Task inputs:

-=-=-

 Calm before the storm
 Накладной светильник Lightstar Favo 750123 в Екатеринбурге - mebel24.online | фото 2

-=-=-

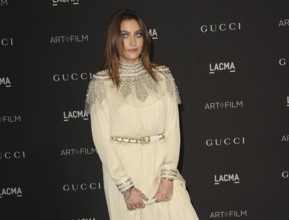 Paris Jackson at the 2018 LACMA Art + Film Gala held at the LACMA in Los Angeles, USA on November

-=-=-

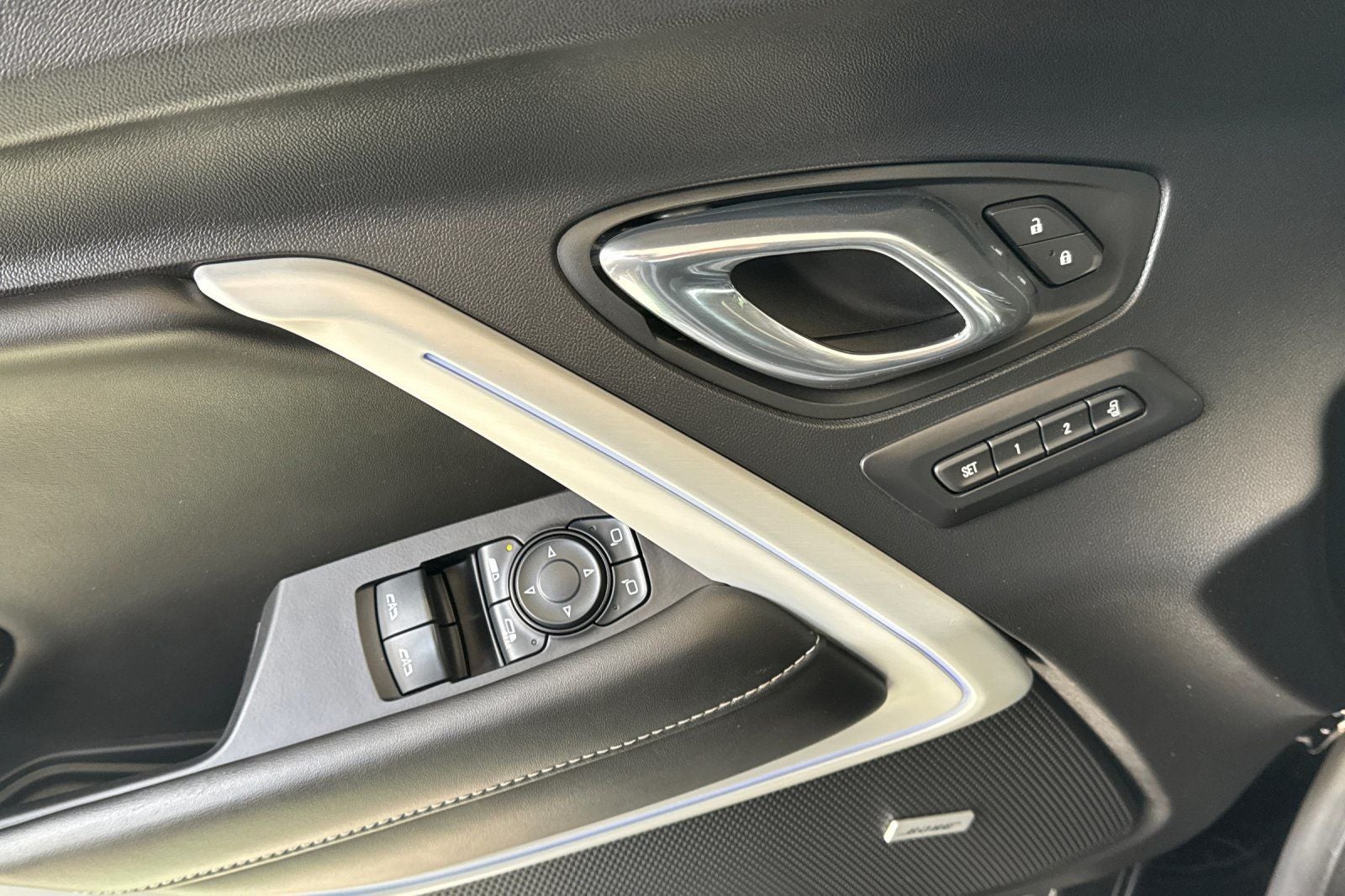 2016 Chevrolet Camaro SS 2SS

-=-=-

About this exercise:
Go back to the listing above. Copy word for word the lines from the one with "Calm before the storm" through the one with "Накладной светильник Lightstar", and nothing more.

Result for this task:
 Calm before the storm
 Накладной светильник Lightstar Favo 750123 в Екатеринбурге - mebel24.online | фото 2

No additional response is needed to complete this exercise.